This gardening thing…I can’t say I’ve quite got it all figured out just yet. Check back in about twenty years and I’ll probably have things pretty well worked out by then. See, when I sowed the seeds for the fall and winter garden back in mid July, I was confident that I had planned for a bounty of vegetables to carry us through the cold months. This would be the year when I didn’t have to buy a single vegetable.
Yeah. Bonus points for optimism, right? Or would that be hubris? Because we’ve been buying vegetables to supplement our meager harvests since December. (Possibly earlier. It’s all blurry now. I think I’ve blocked it out.) Last year was our first attempt at four-season gardening, and even with a severe freeze that killed off all the spinach and chard and mustards and all but one variety of kale, we came through the winter with more food in the garden than we could eat. The kale actually matured enough to go to seed. (And the flower buds were pretty tasty. Kind of like broccoli, which isn’t all that surprising since they’re cousins.)
When I planned for this winter, I added some variety that we missed last year in the form of collards, cabbage, and lettuces, and gave a hybrid broccoli a try, but I based the amounts on last year, because we’d had more than enough food. What did I forget? That I was pregnant last winter and the mere thought of strong-flavored vegetables (um…as in ALL winter greens) made me ill. On top of that, I didn’t have a lot of energy for cooking. We had a ton of kale left over at the end of the season because we barely ate from the garden.
It might have been helpful to remember this when I was planning for this year. As it is, we ate everything down to stubby little nubs by December. December and January are the dead months in the garden in our part of the world. Growth slows way down. So there’s been no regrowth on what we ate. It’s been cabbage and lettuce from the garden–though we’ve now eaten all the lettuce–and the rest has come from the store. (But oh man, what cabbage! It’s amazing! Sweet and spicy… Nothing at all like store-bought cabbage–even organic store-bought.)
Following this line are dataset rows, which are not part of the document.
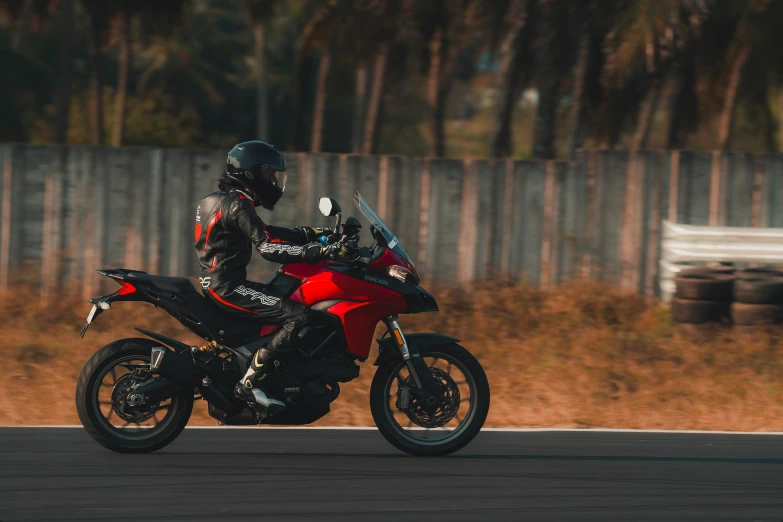 a man that is sitting on a red motorcycle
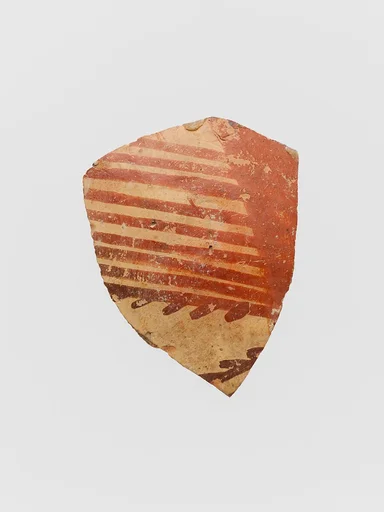 Terracotta vessel fragment with linear motifs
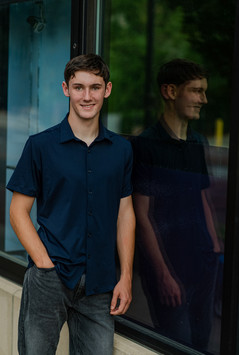 boy with reflection in window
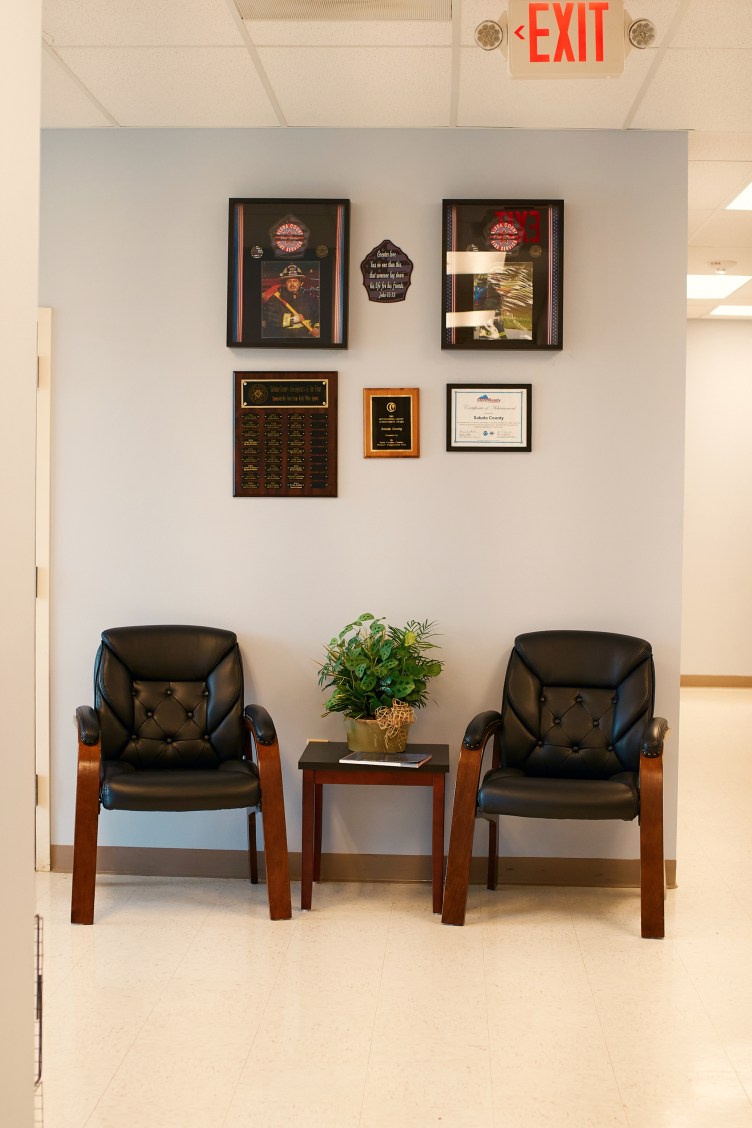 Two framed photos of men in firefighter uniforms hang on a wall with other framed pieces above two chairs and an end table.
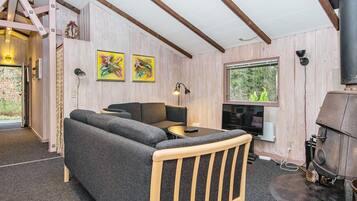 A cozy room with a sofa, a small table, a television, and a fireplace.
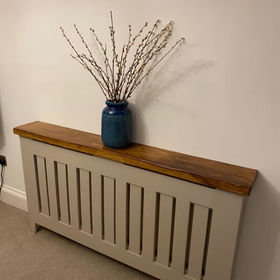 A blue vase on a radiator covered with a wooden structure 
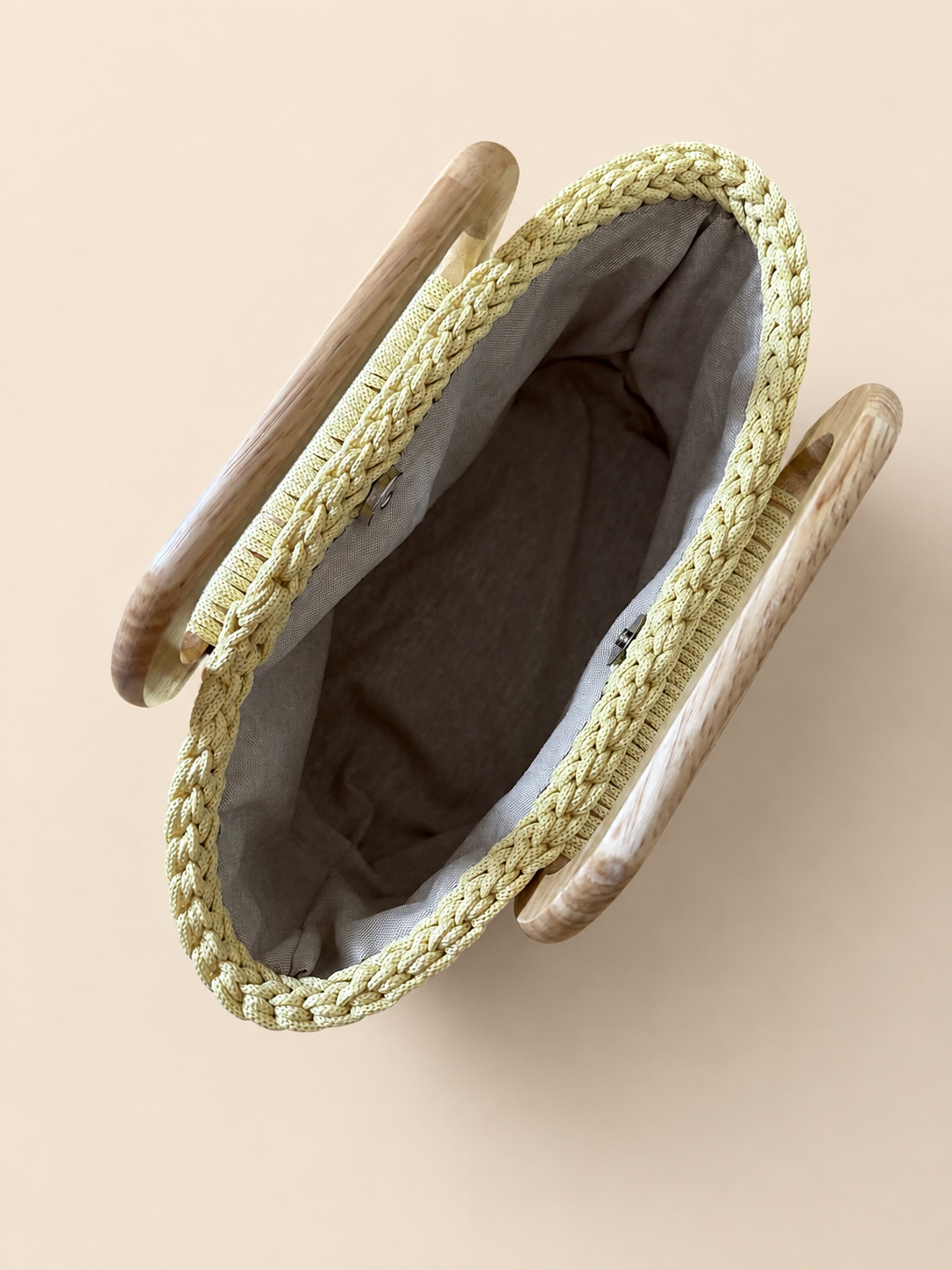 Handbag with wooden handles in light yellow color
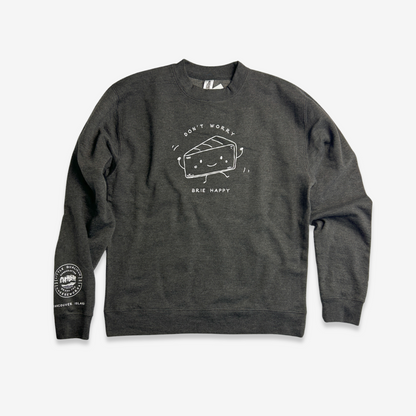 The artwork on the charcoal heather sweatshirt is printed in a contrasting white. The sweatshirt has long sleeves. At the lower end of the left sleeve near the cuff, the LQC logo is printed with "Vancouver Island" written below. On the front of the sweatshirt is an 8" line drawing of a personified wedge of Brie. The Brie dances with little arms in the air and smiles. The text  "Don't worry, Brie happy" is written around the illustration.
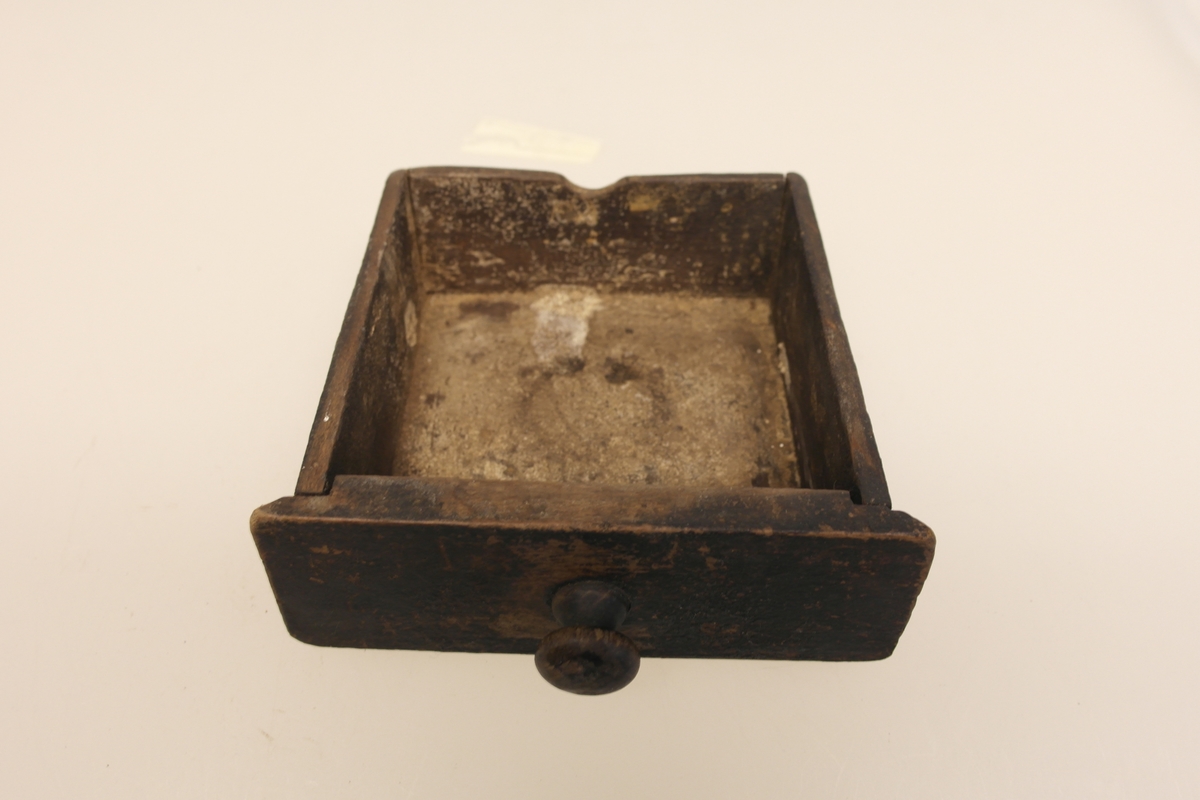 Kaffekvern (a og b) i tre, jern og messing. 
a) Kvadratisk kasse med topplate og bunnplate. Sveiv som går ned til innsatt tannhjul, som kverner kaffebønnene. Klokkeformet deksel som kan åpnes med en klaff som skyves til siden. Messingskilt med stempel.
b) Skuff som samler opp den malte kaffen. Stiftet i hjørner og bunnplate.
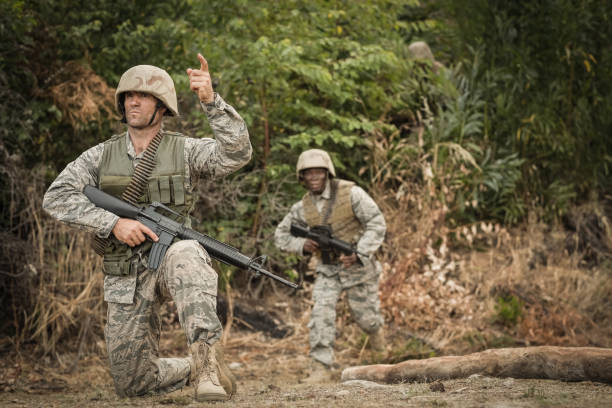 istock Military soldiers during training exercise with weapon 809982848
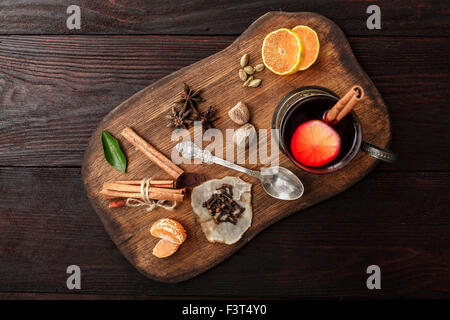 Verre de vin chaud (poinçon) Porte-verre en servi sur plaque en bois avec des épices sur la table en bois sombre. Vue d'en haut Banque D'Images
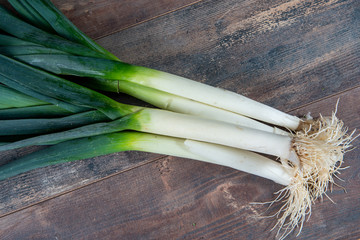 Wall Mural - Fresh raw leeks on wooden table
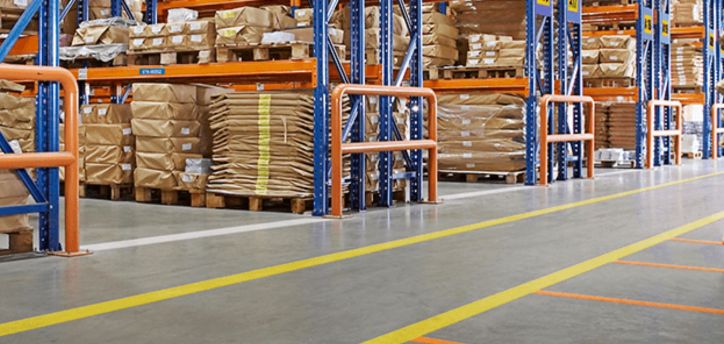 The warehouse interior features tall blue and orange metal shelving units, a vital tool for organization and safety, holding packages wrapped in brown paper. Yellow and orange safety lines mark the floors, while sturdy rails protect the shelves in this well-organized, clean space.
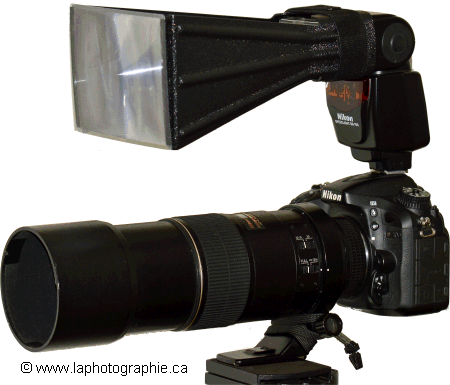 Appareil avec t�l�photo sur un tr�pied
Now that we’re in February the plants will start to grow again and hopefully the garden will be feeding us more and more until we get properly back on track in spring with the overwintered broccoli raabs, the asparagus, and the early peas and radishes.
I sorted through the seed packets tonight to see what I had held over from past seasons and what I needed to order. Cherry Belle radishes, Sorrento broccoli raab, Tyee spinach… Maybe this spring I’ll finally get it exactly right.
Oh, sweets, you already have it exactly right, for gardening if not for eating, since true gardeners all know the same thing– NEXT year will be perfect.
Good you got that down early.
Thomas Jefferson wrote toward the end of his life that although he was an old man, he was but a young gardener.
There’s always something new to learn.